= Luca Antonio Bistega =

Italian painter (1672–1732)

Luca Antonio Bistega or Luca Bestega (21 October 1672 – 8 June 1732) was an Italian painter of quadratura, active mainly in Bologna, Italy.

==Biography==
He initially trained with a little-known painter, Barlamo Castellini, but soon moved to work with the team of Giacomo Antonio Mannini and Marcantonio Chiarini. In 1702–1705, he painted a large hall and various rooms in the Palazzo Martinenghi of Brescia. He returned to Bologna where he was employed in the Casa Agucchi. In 1706, alongside Gaetano Bertuzzi, he painted in the church of the Padri Camaldolesi of Faenza. In Piacenza, he painted alongside Marcantonio Franceschini and Luigi Quaini. Along with Francesco Monti he painted the main chapel of the parish church of Santa Maddalena, and then beginning with Giacomo Boni, and later with Giacinto Garofalini, they decorated the Church of the Celestini. With Boni he had painted quadratura for San Bernardino del Lavino.
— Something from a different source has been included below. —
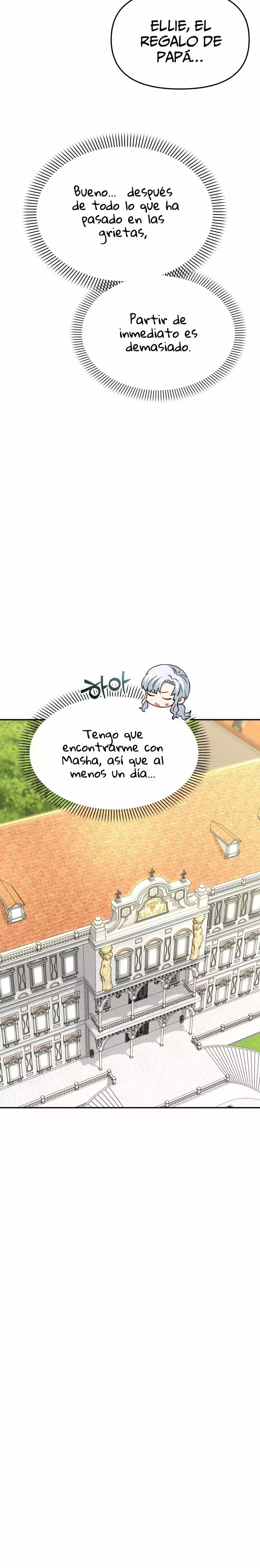 Como Sobrevivir Como la Hija del Diablo Capítulo 34 - Página 44 en español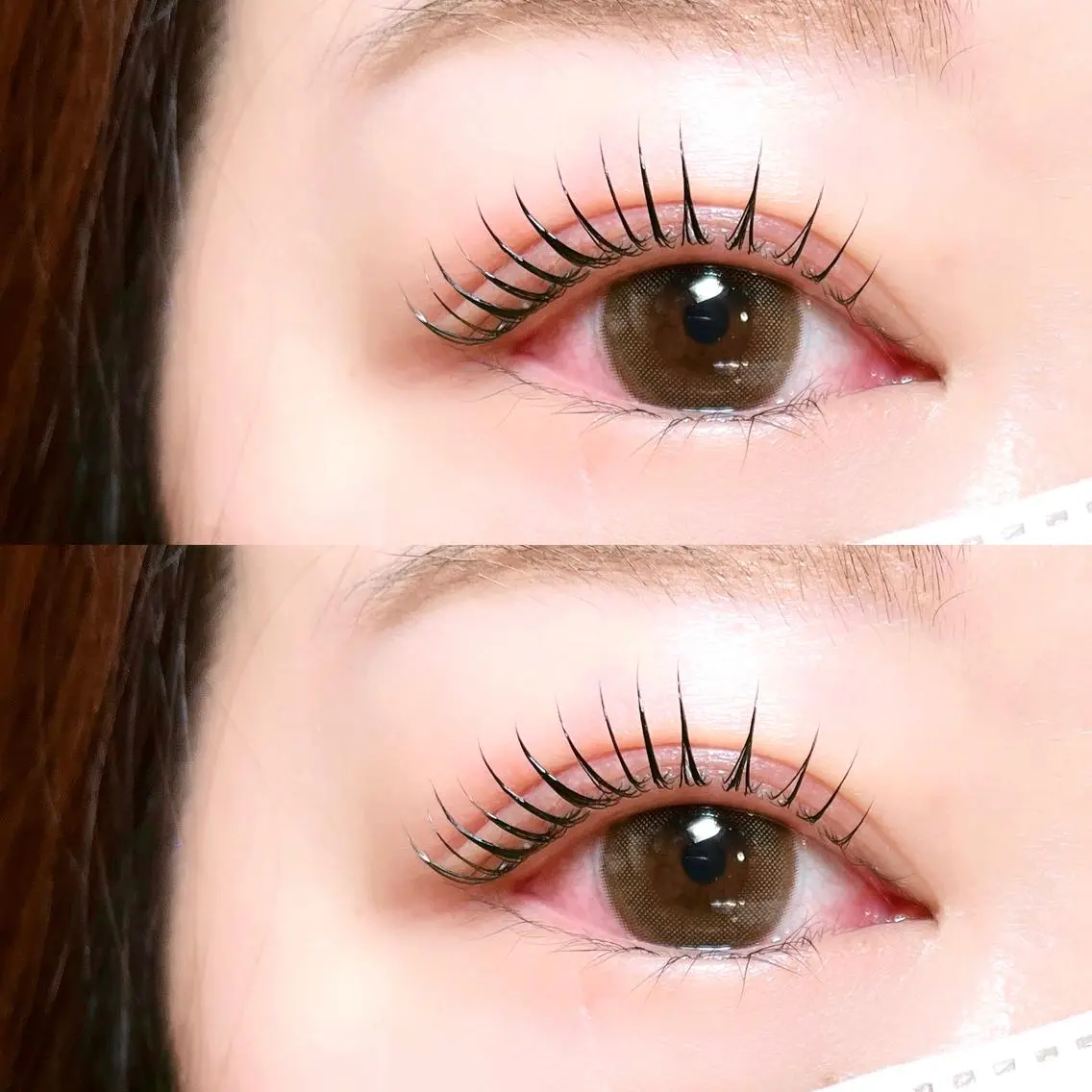 マツエク・マツパ マツパ eyelist ⌇ minami 𖠚ᐝのマツエク・マツパデザイン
With Garofalini, he painted for a fresco of Venus caressing Love for Casa Ghisilieri. With Gioseffo Roli, he painted in the monastery of the Carita. He painted quadratura for one of the chapels of the Portico di San Luca; the figure painter Gioseffo Mazzoni painted the Virgin presenting the infant Jesus to Simon the Elder. Along with Garofalini, a figure painter, he painted the chapel in San Tommaso del Mercato, Bologna. In the main chapel of the church of Madonna di Galliera, he painted alongside Giuseppe Marchesi. Other works are seen in Imola, in Forlì, in Ravenna, and Fano.

Like many a ceiling fresco artist, Luca suffered a number of severe falls from scaffolds. After one of the falls, he developed a stroke, from which he died. His son Giuseppe was also a painter.